When choosing between different CTNNB1 antibodies, consider:

• Phosphorylation site specificity:

  • Different phosphorylation sites (Tyr489, Tyr654, Ser33/37/Thr41, etc.) have distinct functional implications

  • Choose based on the specific pathway or mechanism being studied

• Antibody format:

  • Monoclonal antibodies offer high reproducibility and specificity for a single epitope

  • Polyclonal antibodies may provide stronger signals but with potential for more background

• Host species:

  • Consider compatibility with other antibodies in multi-labeling experiments

  • Rabbit-derived antibodies (like most Phospho-CTNNB1 (Tyr489) antibodies) generally work well for most applications

• Validated applications:

  • Ensure the antibody is validated for your specific application (WB, IHC, IF, ELISA)

  • Review literature using the same antibody for similar applications

• Species reactivity:

  • Confirm cross-reactivity with your experimental model species

  • The Phospho-CTNNB1 (Tyr489) antibody typically reacts with human, mouse, rat, and sometimes monkey samples

How does Tyr489 phosphorylation relate to other β-catenin phosphorylation events?

β-catenin is regulated by a complex network of phosphorylation events that determine its stability, localization, and function:

• N-terminal phosphorylation (Ser33, Ser37, Thr41) by GSK3β following priming phosphorylation at Ser45 targets β-catenin for ubiquitination and proteasomal degradation

• Ser552 phosphorylation by AMPK promotes protein stabilization and enhances TCF/LEF-mediated transcription

• Ser191 and Ser246 phosphorylation by CDK5 affects β-catenin function

• Tyrosine phosphorylation sites including Tyr489 are often targets of growth factor signaling:

  • EGF stimulates tyrosine phosphorylation

  • PTK6 phosphorylates β-catenin at multiple tyrosine residues (Tyr64, Tyr142, Tyr331, Tyr333)

  • These tyrosine phosphorylation events may regulate β-catenin's role in cell adhesion versus transcriptional activity

Understanding the interplay between these different phosphorylation events is crucial for deciphering β-catenin's role in normal physiology and disease.

What is the relevance of studying phospho-β-catenin (Tyr489) in cancer research?

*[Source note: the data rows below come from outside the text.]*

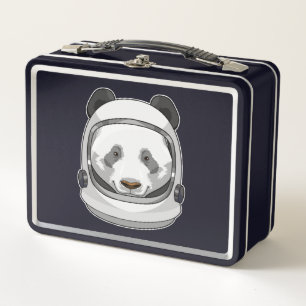 Panda als Astronaut mit Helmet Metall Brotdose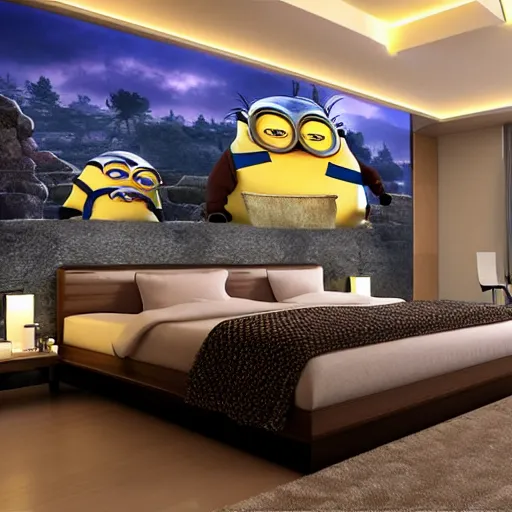 Image similar to a cozy bedroom interior with wall murals of giant minions, detailed, high resolution, wow!, intricate, volumetric lighting, raytracing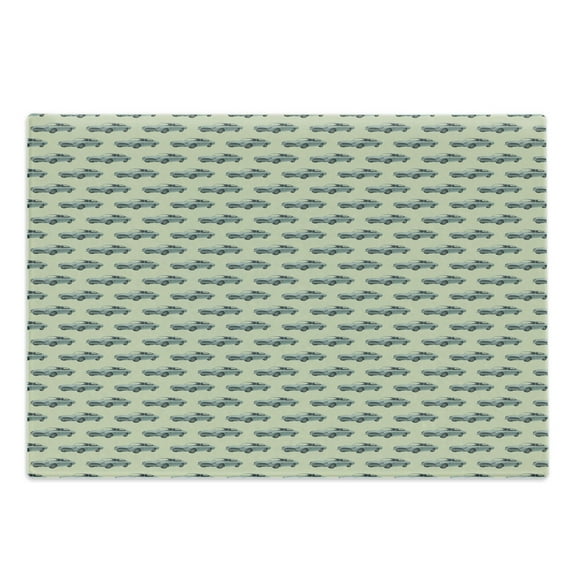 Vintage Cutting Board, Retro Sports Car Pattern with Classic Vehicle on a Pastel Background, Decorative Tempered Glass Cutting and Serving Board, Large Size, Pale Green Slate Blue, by Ambesonne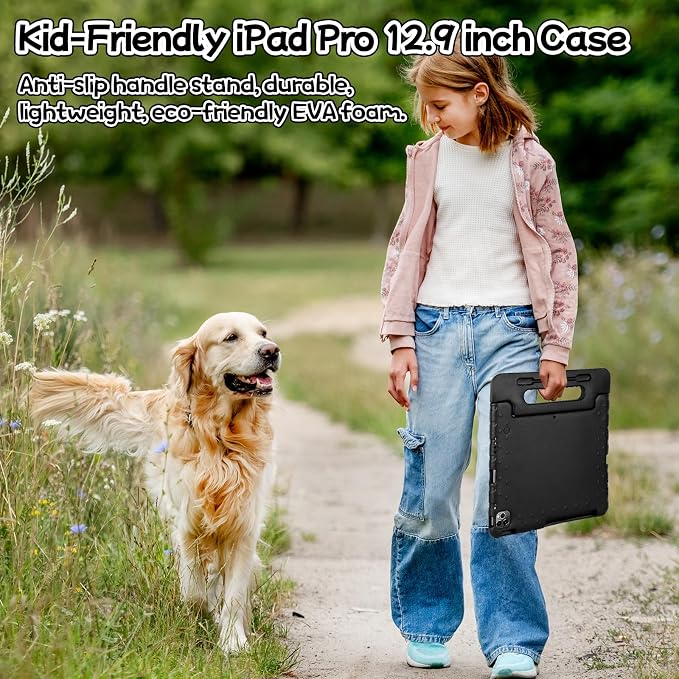 Case for iPad Pro 12.9 Case 2022/2021/2020/2018 with Pencil Holder &amp Hadle Stand Super Protection Kids Proof Cover for iPad Pro 12.9 inch 3rd/4th/5th/6th Generation Black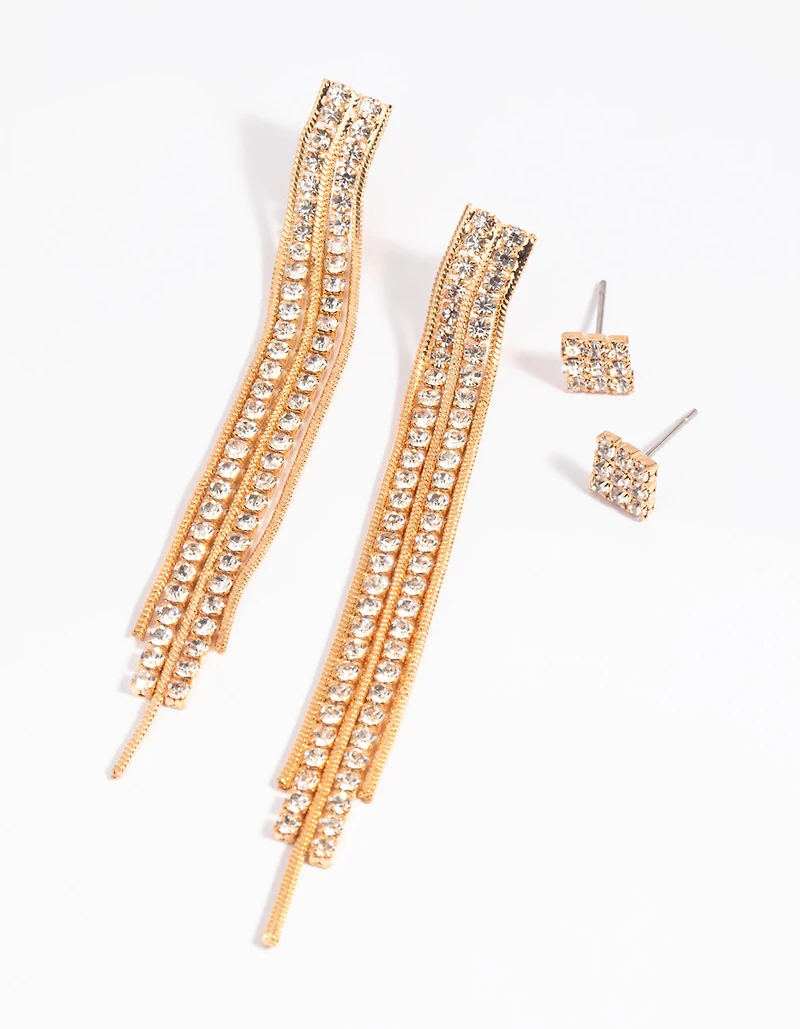 Gold Diamante Stud Earring Set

Studying phospho-β-catenin (Tyr489) in cancer offers several important insights:

• Diagnostic and prognostic value:

  • Altered patterns of β-catenin phosphorylation may serve as biomarkers

  • Studies show distinct subcellular distribution patterns of phospho-β-catenin in cancer versus normal tissues

• Therapeutic targeting:

  • Understanding specific phosphorylation events may reveal novel therapeutic targets

  • CTNNB1 mutations drive cancer progression in colorectal, liver, and ovarian cancers

• Pathway crosstalk:

  • Tyrosine phosphorylation often links growth factor signaling to Wnt pathway activity

  • This crosstalk may explain resistance mechanisms to targeted therapies

• Functional differences:

  • Different phosphorylation states may explain the dual role of β-catenin in adhesion versus transcription

  • Changes in phosphorylation patterns may precede genetic alterations during cancer progression

The ability to specifically detect Tyr489 phosphorylation provides researchers with a powerful tool to investigate these aspects of cancer biology.